• _TO DO_
The task calls for the lines below from the line with "Đại diện lãnh" to the line with "رئيس جامعة بني", both ends included, copied exactly, without any pictures.

• _PROVIDED INFORMATION_
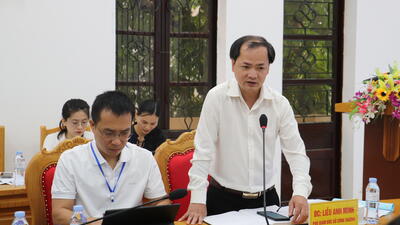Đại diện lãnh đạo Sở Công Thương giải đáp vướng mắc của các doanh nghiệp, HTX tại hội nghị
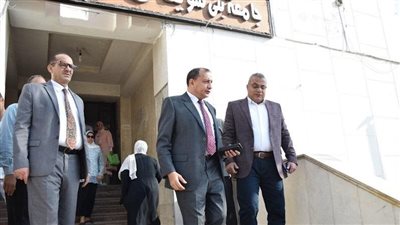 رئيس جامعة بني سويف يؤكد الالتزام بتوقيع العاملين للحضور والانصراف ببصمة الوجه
==
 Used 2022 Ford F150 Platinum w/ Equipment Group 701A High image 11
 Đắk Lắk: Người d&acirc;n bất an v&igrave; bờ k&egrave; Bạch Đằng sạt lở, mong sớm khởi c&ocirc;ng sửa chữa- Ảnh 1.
...
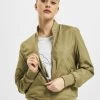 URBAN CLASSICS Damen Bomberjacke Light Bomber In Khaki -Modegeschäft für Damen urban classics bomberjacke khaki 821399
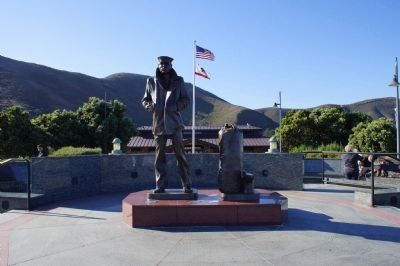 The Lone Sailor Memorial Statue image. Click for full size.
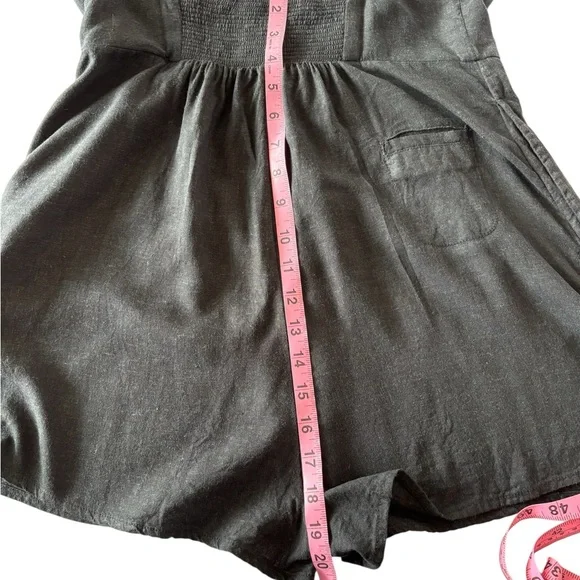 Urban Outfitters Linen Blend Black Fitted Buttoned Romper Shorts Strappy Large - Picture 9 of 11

• _TASK RESULT_
Đại diện lãnh đạo Sở Công Thương giải đáp vướng mắc của các doanh nghiệp, HTX tại hội nghị
 رئيس جامعة بني سويف يؤكد الالتزام بتوقيع العاملين للحضور والانصراف ببصمة الوجه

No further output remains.